Robert pretended to be pondering the question. “On balance, I suspect that’s not too likely either.”

“So why bring his name up?”

“I have a feeling he would have admired your methods, that’s all. He was quite the connoisseur.”

“Hmm.” Quint sounded suspicious, but not entirely unflattered.

Robert had first set eyes on Quint in February of 1952. His house had been burgled the week before, and Arthur, a young man he’d been seeing since Christmas, had confessed to Robert that he’d given an acquaintance the address. Perhaps the two of them had planned to rob him, and Arthur had backed out at the last moment. In any case, Robert had gone to the police with an unlikely story about spotting the culprit in a pub, trying to sell an electric razor of the same make and model as the one taken from his house. No one could be charged on such flimsy evidence, so Robert had had no qualms about the consequences if Arthur had turned out to be lying. He’d simply hoped to prompt an investigation that might turn up something more tangible.

The following day, the CID had paid Robert a visit. The man he’d accused was known to the police, and fingerprints taken on the day of the burglary matched the prints they had on file. However, at the time Robert claimed to have seen him in the pub, he’d been in custody already on an entirely different charge.

The detectives had wanted to know why he’d lied. To spare himself the embarrassment, Robert had explained, of spelling out the true source of his information. Why was that embarrassing? “I’m involved with the informant.”

One detective, Mr. Wills, had asked matter-of-factly, “What exactly does that entail, sir?” And Robert-in a burst of frankness, as if honesty itself was sure to be rewarded-had told him every detail.

He’d known it was still technically illegal, of course. But then, so was playing football on Easter Sunday.

It could hardly be treated as a serious crime, like burglary.

The police had strung him along for hours, gathering as much information as they could before disabusing him of this misconception. They hadn’t charged him immediately; they’d needed a statement from Arthur first. But then Quint had materialized the next morning, and spelled out the choices very starkly. Three years in prison, with hard labor. Or Robert could resume his wartime work-for just one day a week, as a handsomely paid consultant to Quint’s branch of the secret service-and the charges would quietly vanish.

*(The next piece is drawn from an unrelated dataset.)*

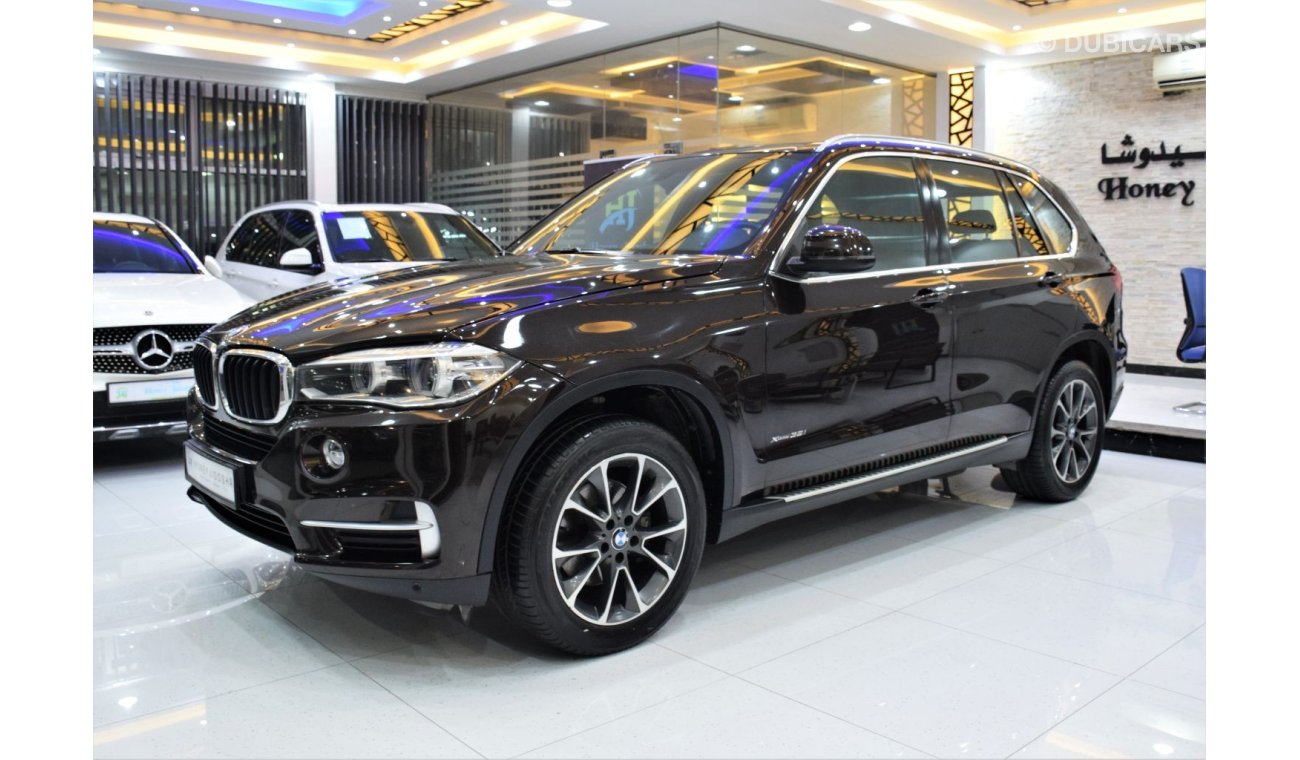 BMW X5 35i Exclusive EXCELLENT DEAL for our BMW X5 xDrive35i ( 2014 Model! ) in Brown Color! GCC Specs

At first, he’d told Quint to let the courts do their worst. He’d been angry enough to want to take a stand against the preposterous law, and whatever his feelings for Arthur, Quint had suggested-gloatingly, as if it strengthened his case-that the younger, working-class man would be treated far more leniently than Robert, having been led astray by someone whose duty was to set an example for the lower orders.

Three years in prison was an unsettling prospect, but it would not have been the end of the world; the Mark I had changed the way he worked, but he could still function with nothing but a pencil and paper, if necessary. Even if they’d had him breaking rocks from dawn to dusk, he probably would have been able to daydream productively, and for all Quint’s scaremongering he’d doubted it would come to that.

At some point, though, in the twenty-four hours Quint had given him to reach a decision, he’d lost his nerve. By granting the spooks their one day a week, he could avoid all the fuss and disruption of a trial.

And though his work at the time-modeling embryological development-had been as challenging as anything he’d done in his life, he hadn’t been immune to pangs of nostalgia for the old days, when the fate of whole fleets of battleships had rested on finding the most efficient way to extract logical contradictions from a bank of rotating wheels.